Jacksonville, Fla.-based Fidelity National said Bank of America Corp. will be required to show that all documentation and procedures related to the foreclosure of a property comply with state law and local practice. The Charlotte, N.C., bank will also cover any losses Fidelity National faces that are directly related to its failure to comply with laws on transactions in which foreclosure has already occurred or will take place.
The deal comes amid accusations that mortgage lenders nationwide cut corners as they moved to seize millions of homes. Lenders won't issue mortgages without title insurance, which protects a homebuyer and mortgage provider in case any unpaid taxes, questionable ownership or other problems surface. Title insurers are trying to come up with a way to ensure they don't have to pay claims to the buyer of a foreclosed home if inaccuracies end up voiding the home purchase.

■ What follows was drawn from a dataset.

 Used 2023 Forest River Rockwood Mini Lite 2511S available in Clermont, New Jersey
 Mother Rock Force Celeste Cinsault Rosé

Bank of America, the nation's largest bank, has suspended foreclosures in all 50 states while it checks to see if employees made errors in loan documents needed to complete foreclosures. It has said it will resume the proceedings next week.
"We believe that this agreement reflects current law in every state and is consistent with the rights that we have under the policies we issue," said Fidelity National Chairman William P. Foley in a statement. Fidelity National will also require guaranties on future foreclosure-related transactions from all other lenders.
JPMorgan Chase & Co., Ally Financial's GMAC Mortgage unit and PNC Financial have also stopped foreclosures in some states while they review procedures. Attorneys general in all 50 states and the District of Columbia are jointly investigating whether mortgage companies have violated state laws.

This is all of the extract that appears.